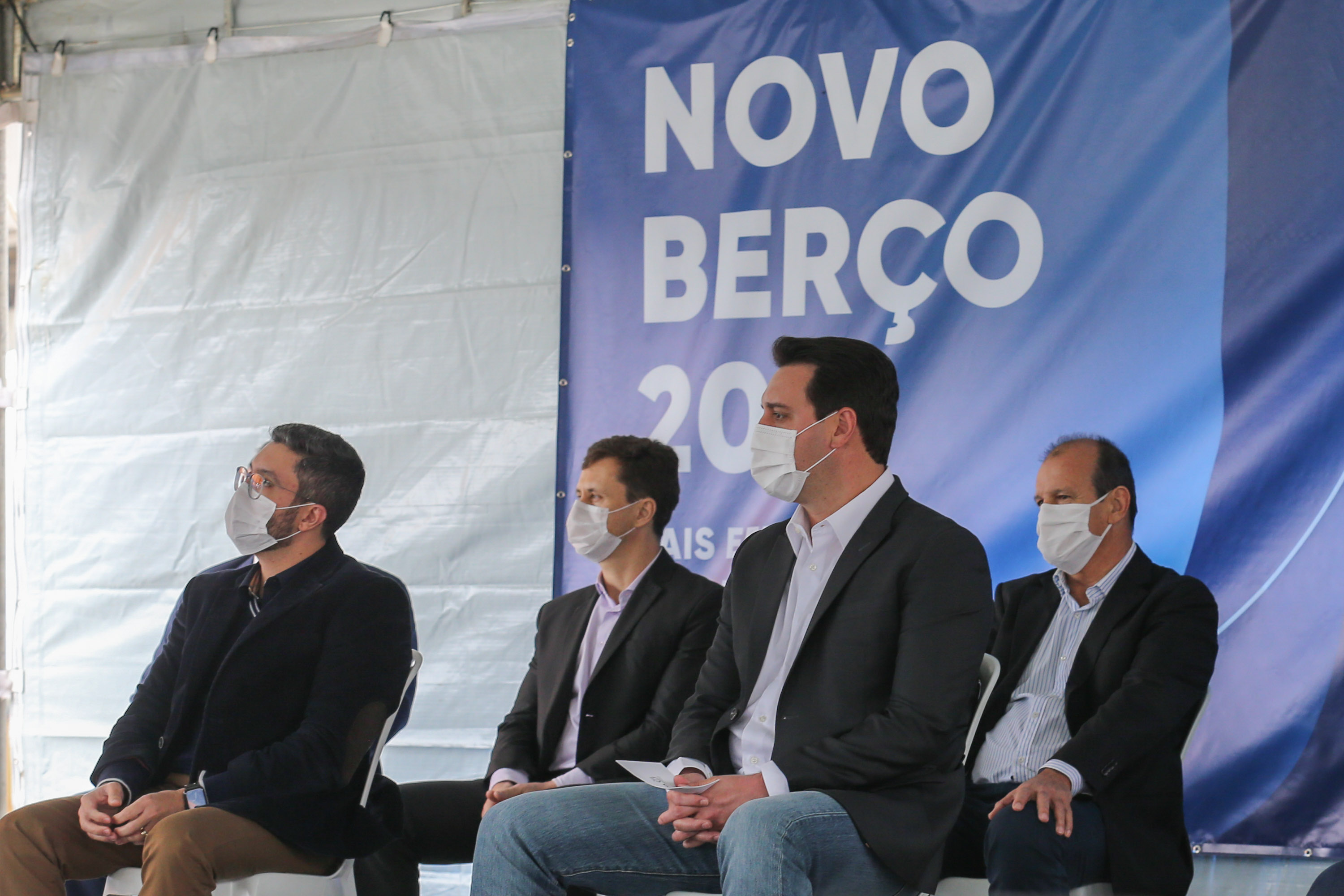 Porto O governador Carlos Massa Ratinho Júnior inaugura nesta terça-feira (22), o novo berço 201, no Porto de Paranaguá. Com investimentos de R$ 201,7 milhões, a ampliação do cais vai aumentar em 140% a capacidade atual de movimentação e autoriza a contratação do projeto para obras de derrocamento submarino do maciço rochoso conhecido como Palanganas. A remoção permitirá o aprofundamento do canal de acesso ao porto em até 14,60 metros. Paranagua, 22/09/2020 - Foto: Geraldo Bubniak/AEN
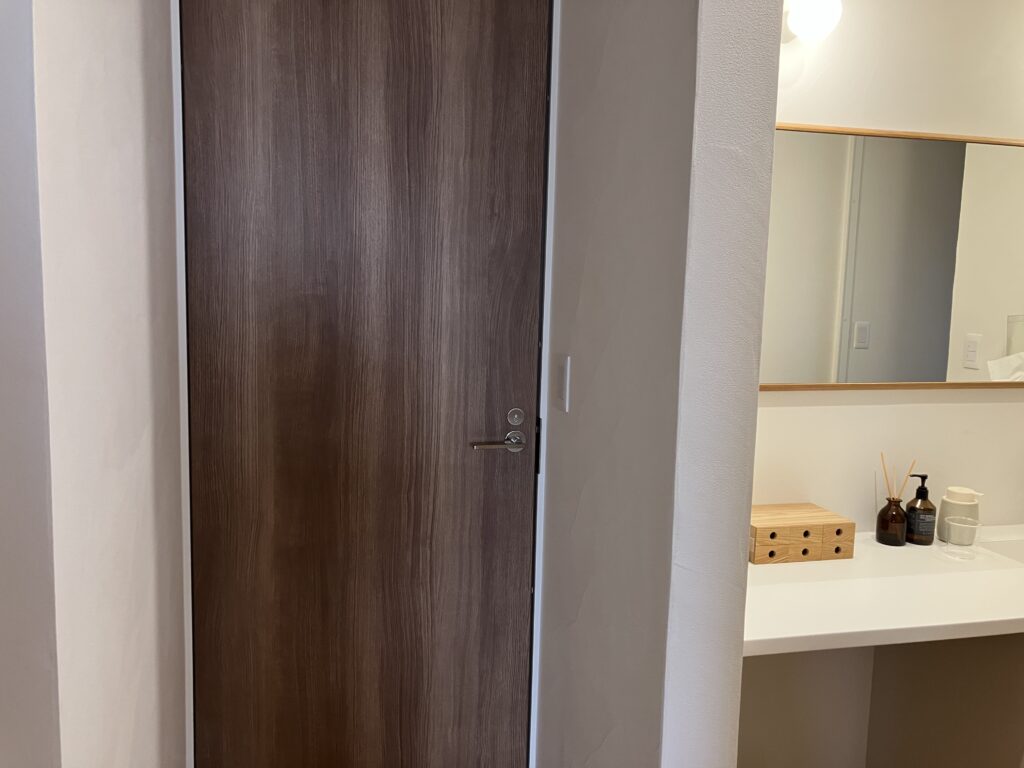 ランドリールーム扉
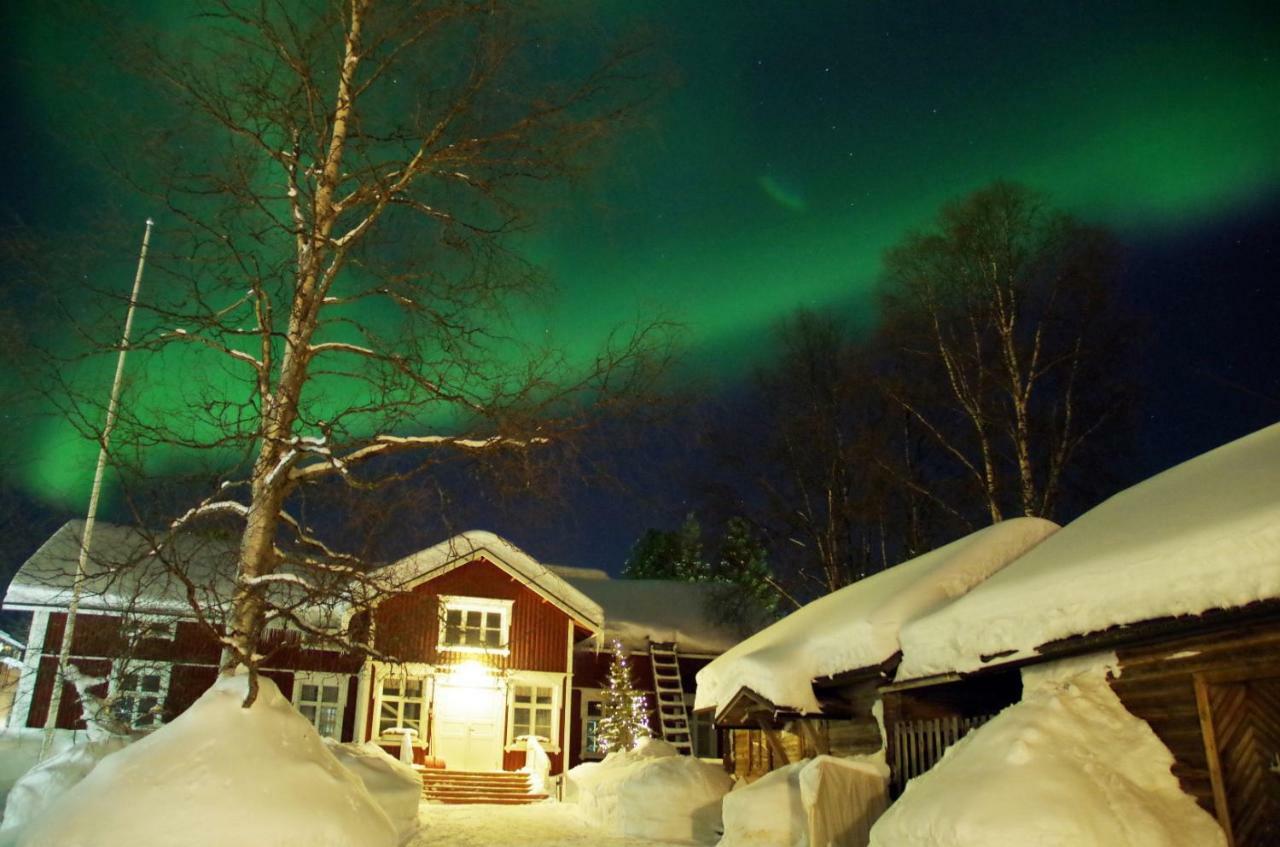 Lauri Historical Log House Manor Hotel Рованиеми Екстериор снимка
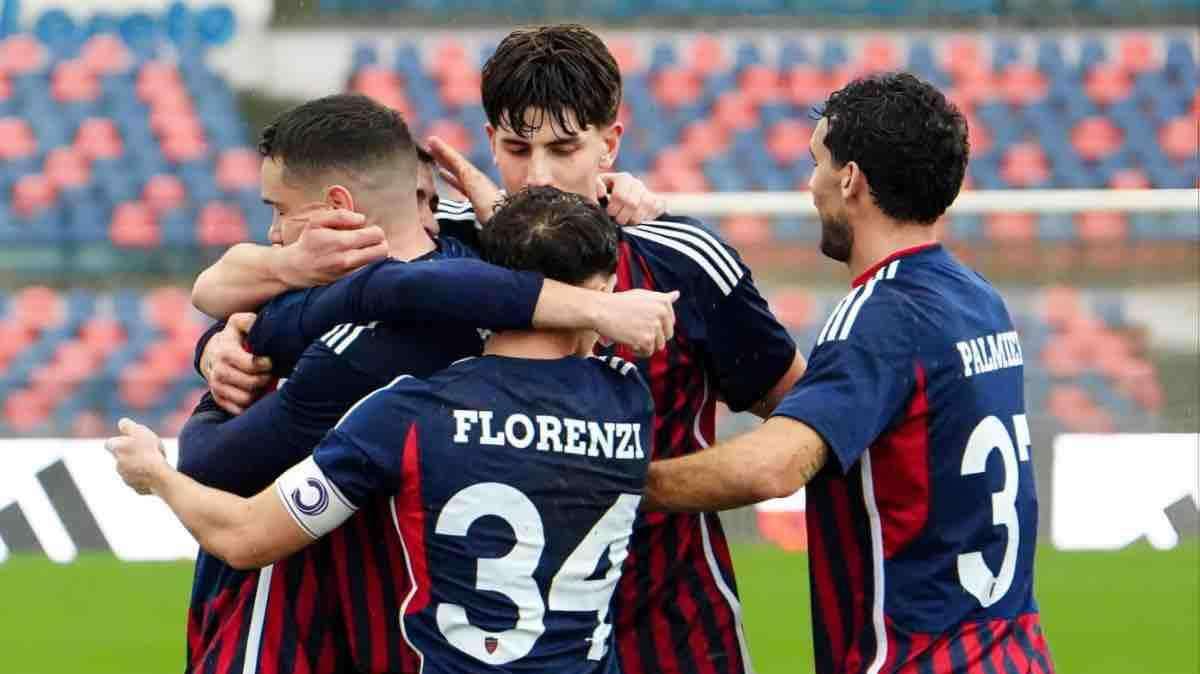 Cosenza inarrestabile: i numeri della rimonta che riapre la corsa al secondo posto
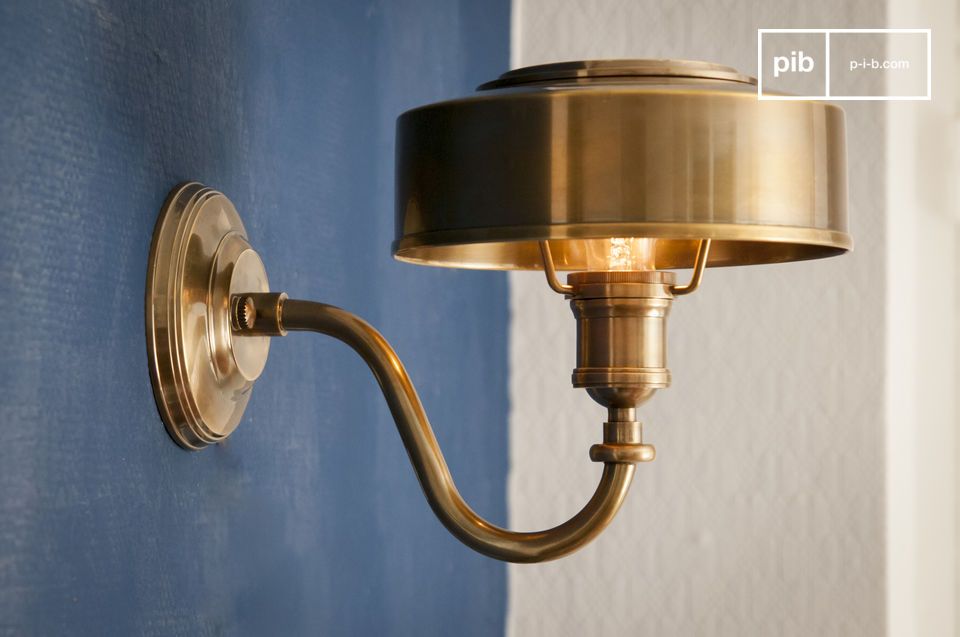 Mit ihrer schönen Schwanenhals-Form wird diese Lampe zum Hingucker Ihres Interieurs.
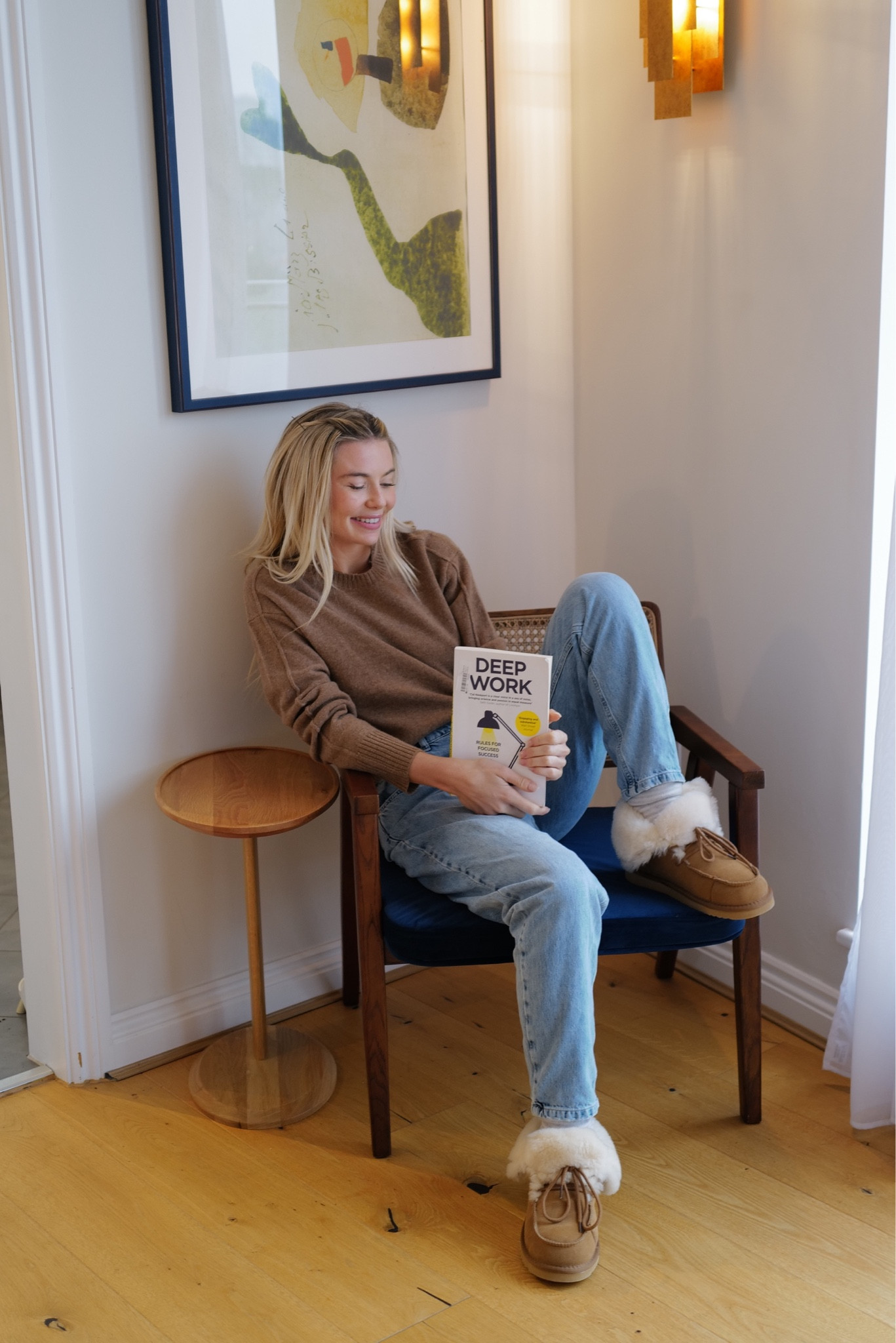 Brown jumper, blue jeans, shearling wool boots

#LTKSeasonal #LTKstyletip #LTKeurope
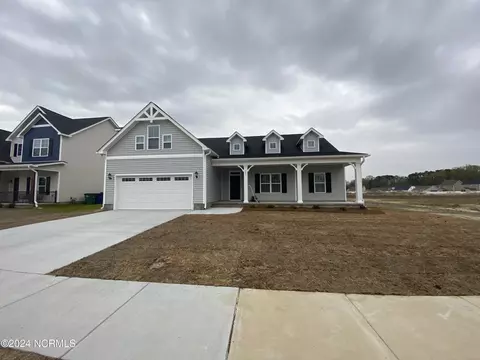 333 Oleander Dr, Greenville, NC 27858
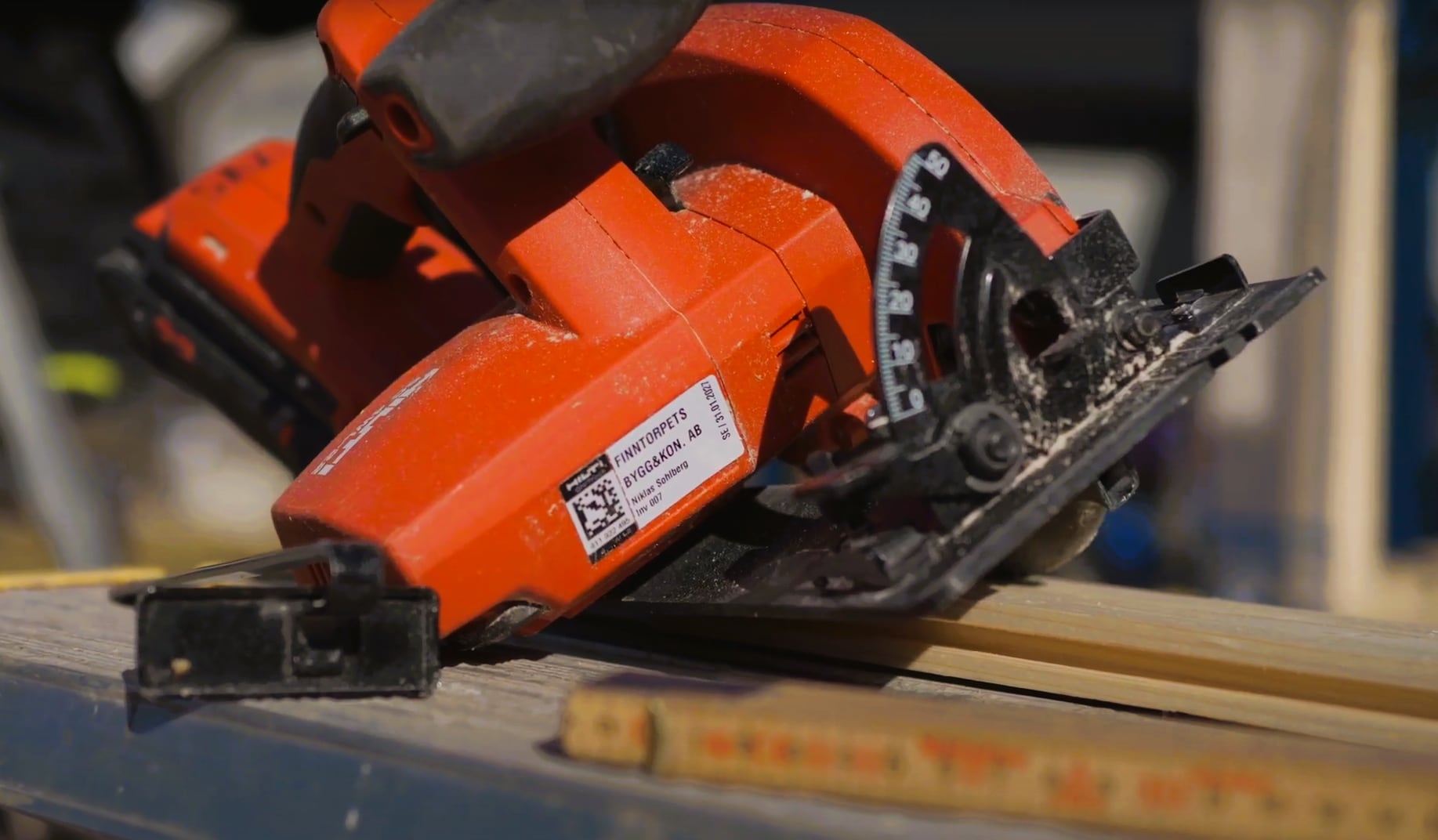 Lutande Hilti cirkelsåg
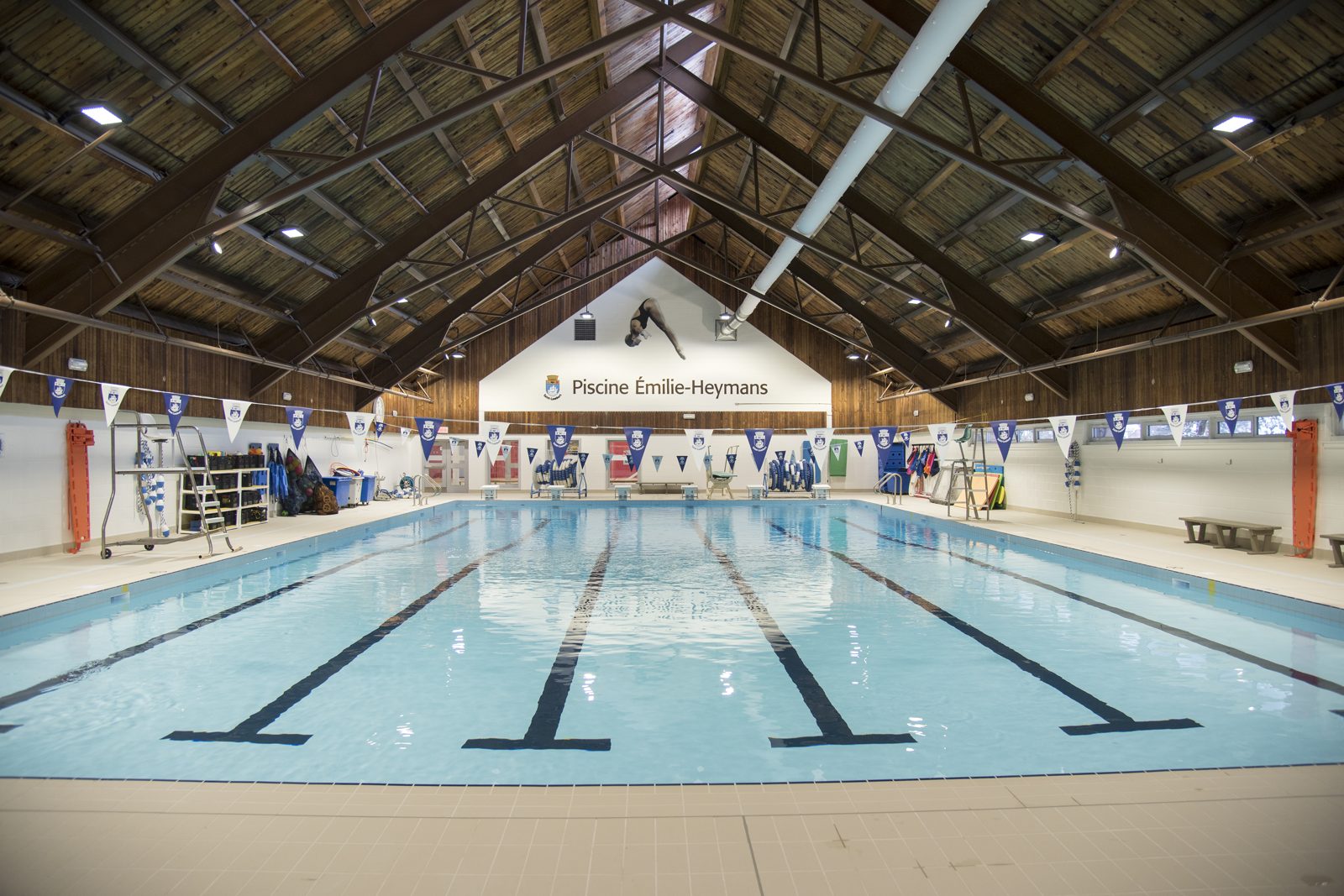 Photo : Piscine intérieure Émilie-Heymans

What is needed —
The goal is an exact reprint of the entries, leaving out the pictures.

Task output —
 Porto O governador Carlos Massa Ratinho Júnior inaugura nesta terça-feira (22), o novo berço 201, no Porto de Paranaguá. Com investimentos de R$ 201,7 milhões, a ampliação do cais vai aumentar em 140% a capacidade atual de movimentação e autoriza a contratação do projeto para obras de derrocamento submarino do maciço rochoso conhecido como Palanganas. A remoção permitirá o aprofundamento do canal de acesso ao porto em até 14,60 metros. Paranagua, 22/09/2020 - Foto: Geraldo Bubniak/AEN
 ランドリールーム扉
 Lauri Historical Log House Manor Hotel Рованиеми Екстериор снимка
 Cosenza inarrestabile: i numeri della rimonta che riapre la corsa al secondo posto
 Mit ihrer schönen Schwanenhals-Form wird diese Lampe zum Hingucker Ihres Interieurs.
 Brown jumper, blue jeans, shearling wool boots

#LTKSeasonal #LTKstyletip #LTKeurope
 333 Oleander Dr, Greenville, NC 27858
 Lutande Hilti cirkelsåg
 Photo : Piscine intérieure Émilie-Heymans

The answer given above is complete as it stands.